What needs to be done:
The records, repeated exactly and in full, are the expected answer.

Records shown:
┄┄┄┄┄┄┄┄┄┄┄┄┄┄┄┄┄┄┄┄
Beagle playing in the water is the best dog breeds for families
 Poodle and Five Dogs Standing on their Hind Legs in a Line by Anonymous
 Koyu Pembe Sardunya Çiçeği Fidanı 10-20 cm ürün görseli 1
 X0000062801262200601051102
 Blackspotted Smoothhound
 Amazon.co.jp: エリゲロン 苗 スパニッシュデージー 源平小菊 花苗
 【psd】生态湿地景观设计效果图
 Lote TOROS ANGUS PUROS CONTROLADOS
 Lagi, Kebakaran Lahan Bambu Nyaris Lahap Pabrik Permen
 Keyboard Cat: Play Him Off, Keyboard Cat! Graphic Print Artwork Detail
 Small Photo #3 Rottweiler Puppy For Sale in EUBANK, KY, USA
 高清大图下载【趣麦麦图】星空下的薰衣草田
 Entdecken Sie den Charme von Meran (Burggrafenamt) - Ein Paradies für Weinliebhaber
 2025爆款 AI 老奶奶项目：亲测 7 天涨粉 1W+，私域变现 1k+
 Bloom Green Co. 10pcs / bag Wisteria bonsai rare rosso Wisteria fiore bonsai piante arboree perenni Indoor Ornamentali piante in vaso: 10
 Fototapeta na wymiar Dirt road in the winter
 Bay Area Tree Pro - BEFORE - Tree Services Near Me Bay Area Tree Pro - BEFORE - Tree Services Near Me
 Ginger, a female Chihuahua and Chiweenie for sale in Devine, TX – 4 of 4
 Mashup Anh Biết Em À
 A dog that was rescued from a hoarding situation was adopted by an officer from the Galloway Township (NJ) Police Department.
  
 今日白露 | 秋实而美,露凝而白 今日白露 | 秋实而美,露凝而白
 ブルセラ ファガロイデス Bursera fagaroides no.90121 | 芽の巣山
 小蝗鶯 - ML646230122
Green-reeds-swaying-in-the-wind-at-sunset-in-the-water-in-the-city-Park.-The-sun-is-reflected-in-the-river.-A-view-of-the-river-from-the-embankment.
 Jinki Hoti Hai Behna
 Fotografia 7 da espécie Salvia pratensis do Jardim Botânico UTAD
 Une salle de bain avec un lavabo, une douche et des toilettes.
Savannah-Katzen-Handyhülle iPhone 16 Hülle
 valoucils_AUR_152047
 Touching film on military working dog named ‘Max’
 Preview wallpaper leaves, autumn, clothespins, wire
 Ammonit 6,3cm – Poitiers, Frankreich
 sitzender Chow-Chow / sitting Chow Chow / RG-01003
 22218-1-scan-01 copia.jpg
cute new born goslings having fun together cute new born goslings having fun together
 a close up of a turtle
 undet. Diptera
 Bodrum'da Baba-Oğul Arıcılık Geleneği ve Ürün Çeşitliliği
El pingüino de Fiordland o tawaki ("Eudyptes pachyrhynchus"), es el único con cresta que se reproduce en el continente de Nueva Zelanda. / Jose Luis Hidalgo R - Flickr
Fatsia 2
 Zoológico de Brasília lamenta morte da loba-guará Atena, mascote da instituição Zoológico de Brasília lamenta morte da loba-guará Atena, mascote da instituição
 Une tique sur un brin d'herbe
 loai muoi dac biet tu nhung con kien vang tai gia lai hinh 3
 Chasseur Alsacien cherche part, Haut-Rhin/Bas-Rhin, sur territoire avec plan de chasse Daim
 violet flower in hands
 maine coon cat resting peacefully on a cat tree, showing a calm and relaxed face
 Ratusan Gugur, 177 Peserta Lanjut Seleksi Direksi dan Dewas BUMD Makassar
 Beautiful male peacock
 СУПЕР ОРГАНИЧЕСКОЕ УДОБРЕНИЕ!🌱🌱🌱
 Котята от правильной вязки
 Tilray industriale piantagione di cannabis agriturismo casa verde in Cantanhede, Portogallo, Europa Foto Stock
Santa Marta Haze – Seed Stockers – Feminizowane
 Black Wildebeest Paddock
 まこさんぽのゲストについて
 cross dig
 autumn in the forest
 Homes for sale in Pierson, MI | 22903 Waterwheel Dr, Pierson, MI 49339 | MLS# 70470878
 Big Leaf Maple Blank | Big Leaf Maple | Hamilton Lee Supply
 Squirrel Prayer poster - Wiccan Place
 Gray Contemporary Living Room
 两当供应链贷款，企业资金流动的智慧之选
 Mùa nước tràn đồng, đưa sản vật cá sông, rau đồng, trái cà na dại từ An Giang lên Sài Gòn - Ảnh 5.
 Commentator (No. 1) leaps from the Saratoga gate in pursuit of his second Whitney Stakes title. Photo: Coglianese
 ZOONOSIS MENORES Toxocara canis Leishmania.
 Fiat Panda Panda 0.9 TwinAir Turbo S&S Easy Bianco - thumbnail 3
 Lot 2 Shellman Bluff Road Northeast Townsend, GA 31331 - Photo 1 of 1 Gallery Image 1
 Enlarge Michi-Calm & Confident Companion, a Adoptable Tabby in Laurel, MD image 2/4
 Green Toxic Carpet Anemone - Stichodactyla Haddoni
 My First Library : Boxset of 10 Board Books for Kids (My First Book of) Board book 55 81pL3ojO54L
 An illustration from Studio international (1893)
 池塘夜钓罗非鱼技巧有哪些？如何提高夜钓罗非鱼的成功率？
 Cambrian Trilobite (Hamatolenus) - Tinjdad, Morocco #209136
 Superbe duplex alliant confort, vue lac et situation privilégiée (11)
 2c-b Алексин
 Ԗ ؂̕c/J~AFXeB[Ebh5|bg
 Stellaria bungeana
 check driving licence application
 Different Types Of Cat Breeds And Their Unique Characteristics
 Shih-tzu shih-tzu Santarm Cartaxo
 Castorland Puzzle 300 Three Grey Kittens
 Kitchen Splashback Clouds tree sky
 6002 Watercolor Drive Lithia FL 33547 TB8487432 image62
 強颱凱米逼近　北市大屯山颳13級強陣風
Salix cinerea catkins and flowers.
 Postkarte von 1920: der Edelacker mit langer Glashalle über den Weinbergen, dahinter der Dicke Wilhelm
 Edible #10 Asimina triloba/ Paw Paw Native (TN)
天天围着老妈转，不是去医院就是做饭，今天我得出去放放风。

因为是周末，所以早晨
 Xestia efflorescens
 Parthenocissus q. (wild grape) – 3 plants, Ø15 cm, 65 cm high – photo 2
┄┄┄┄┄┄┄┄┄┄┄┄┄┄┄┄┄┄┄┄
Output of the task:
Beagle playing in the water is the best dog breeds for families
 Poodle and Five Dogs Standing on their Hind Legs in a Line by Anonymous
 Koyu Pembe Sardunya Çiçeği Fidanı 10-20 cm ürün görseli 1
 X0000062801262200601051102
 Blackspotted Smoothhound
 Amazon.co.jp: エリゲロン 苗 スパニッシュデージー 源平小菊 花苗
 【psd】生态湿地景观设计效果图
 Lote TOROS ANGUS PUROS CONTROLADOS
 Lagi, Kebakaran Lahan Bambu Nyaris Lahap Pabrik Permen
 Keyboard Cat: Play Him Off, Keyboard Cat! Graphic Print Artwork Detail
 Small Photo #3 Rottweiler Puppy For Sale in EUBANK, KY, USA
 高清大图下载【趣麦麦图】星空下的薰衣草田
 Entdecken Sie den Charme von Meran (Burggrafenamt) - Ein Paradies für Weinliebhaber
 2025爆款 AI 老奶奶项目：亲测 7 天涨粉 1W+，私域变现 1k+
 Bloom Green Co. 10pcs / bag Wisteria bonsai rare rosso Wisteria fiore bonsai piante arboree perenni Indoor Ornamentali piante in vaso: 10
 Fototapeta na wymiar Dirt road in the winter
 Bay Area Tree Pro - BEFORE - Tree Services Near Me Bay Area Tree Pro - BEFORE - Tree Services Near Me
 Ginger, a female Chihuahua and Chiweenie for sale in Devine, TX – 4 of 4
 Mashup Anh Biết Em À
 A dog that was rescued from a hoarding situation was adopted by an officer from the Galloway Township (NJ) Police Department.
  
 今日白露 | 秋实而美,露凝而白 今日白露 | 秋实而美,露凝而白
 ブルセラ ファガロイデス Bursera fagaroides no.90121 | 芽の巣山
 小蝗鶯 - ML646230122
Green-reeds-swaying-in-the-wind-at-sunset-in-the-water-in-the-city-Park.-The-sun-is-reflected-in-the-river.-A-view-of-the-river-from-the-embankment.
 Jinki Hoti Hai Behna
 Fotografia 7 da espécie Salvia pratensis do Jardim Botânico UTAD
 Une salle de bain avec un lavabo, une douche et des toilettes.
Savannah-Katzen-Handyhülle iPhone 16 Hülle
 valoucils_AUR_152047
 Touching film on military working dog named ‘Max’
 Preview wallpaper leaves, autumn, clothespins, wire
 Ammonit 6,3cm – Poitiers, Frankreich
 sitzender Chow-Chow / sitting Chow Chow / RG-01003
 22218-1-scan-01 copia.jpg
cute new born goslings having fun together cute new born goslings having fun together
 a close up of a turtle
 undet. Diptera
 Bodrum'da Baba-Oğul Arıcılık Geleneği ve Ürün Çeşitliliği
El pingüino de Fiordland o tawaki ("Eudyptes pachyrhynchus"), es el único con cresta que se reproduce en el continente de Nueva Zelanda. / Jose Luis Hidalgo R - Flickr
Fatsia 2
 Zoológico de Brasília lamenta morte da loba-guará Atena, mascote da instituição Zoológico de Brasília lamenta morte da loba-guará Atena, mascote da instituição
 Une tique sur un brin d'herbe
 loai muoi dac biet tu nhung con kien vang tai gia lai hinh 3
 Chasseur Alsacien cherche part, Haut-Rhin/Bas-Rhin, sur territoire avec plan de chasse Daim
 violet flower in hands
 maine coon cat resting peacefully on a cat tree, showing a calm and relaxed face
 Ratusan Gugur, 177 Peserta Lanjut Seleksi Direksi dan Dewas BUMD Makassar
 Beautiful male peacock
 СУПЕР ОРГАНИЧЕСКОЕ УДОБРЕНИЕ!🌱🌱🌱
 Котята от правильной вязки
 Tilray industriale piantagione di cannabis agriturismo casa verde in Cantanhede, Portogallo, Europa Foto Stock
Santa Marta Haze – Seed Stockers – Feminizowane
 Black Wildebeest Paddock
 まこさんぽのゲストについて
 cross dig
 autumn in the forest
 Homes for sale in Pierson, MI | 22903 Waterwheel Dr, Pierson, MI 49339 | MLS# 70470878
 Big Leaf Maple Blank | Big Leaf Maple | Hamilton Lee Supply
 Squirrel Prayer poster - Wiccan Place
 Gray Contemporary Living Room
 两当供应链贷款，企业资金流动的智慧之选
 Mùa nước tràn đồng, đưa sản vật cá sông, rau đồng, trái cà na dại từ An Giang lên Sài Gòn - Ảnh 5.
 Commentator (No. 1) leaps from the Saratoga gate in pursuit of his second Whitney Stakes title. Photo: Coglianese
 ZOONOSIS MENORES Toxocara canis Leishmania.
 Fiat Panda Panda 0.9 TwinAir Turbo S&S Easy Bianco - thumbnail 3
 Lot 2 Shellman Bluff Road Northeast Townsend, GA 31331 - Photo 1 of 1 Gallery Image 1
 Enlarge Michi-Calm & Confident Companion, a Adoptable Tabby in Laurel, MD image 2/4
 Green Toxic Carpet Anemone - Stichodactyla Haddoni
 My First Library : Boxset of 10 Board Books for Kids (My First Book of) Board book 55 81pL3ojO54L
 An illustration from Studio international (1893)
 池塘夜钓罗非鱼技巧有哪些？如何提高夜钓罗非鱼的成功率？
 Cambrian Trilobite (Hamatolenus) - Tinjdad, Morocco #209136
 Superbe duplex alliant confort, vue lac et situation privilégiée (11)
 2c-b Алексин
 Ԗ ؂̕c/J~AFXeB[Ebh5|bg
 Stellaria bungeana
 check driving licence application
 Different Types Of Cat Breeds And Their Unique Characteristics
 Shih-tzu shih-tzu Santarm Cartaxo
 Castorland Puzzle 300 Three Grey Kittens
 Kitchen Splashback Clouds tree sky
 6002 Watercolor Drive Lithia FL 33547 TB8487432 image62
 強颱凱米逼近　北市大屯山颳13級強陣風
Salix cinerea catkins and flowers.
 Postkarte von 1920: der Edelacker mit langer Glashalle über den Weinbergen, dahinter der Dicke Wilhelm
 Edible #10 Asimina triloba/ Paw Paw Native (TN)
天天围着老妈转，不是去医院就是做饭，今天我得出去放放风。

因为是周末，所以早晨
 Xestia efflorescens
 Parthenocissus q. (wild grape) – 3 plants, Ø15 cm, 65 cm high – photo 2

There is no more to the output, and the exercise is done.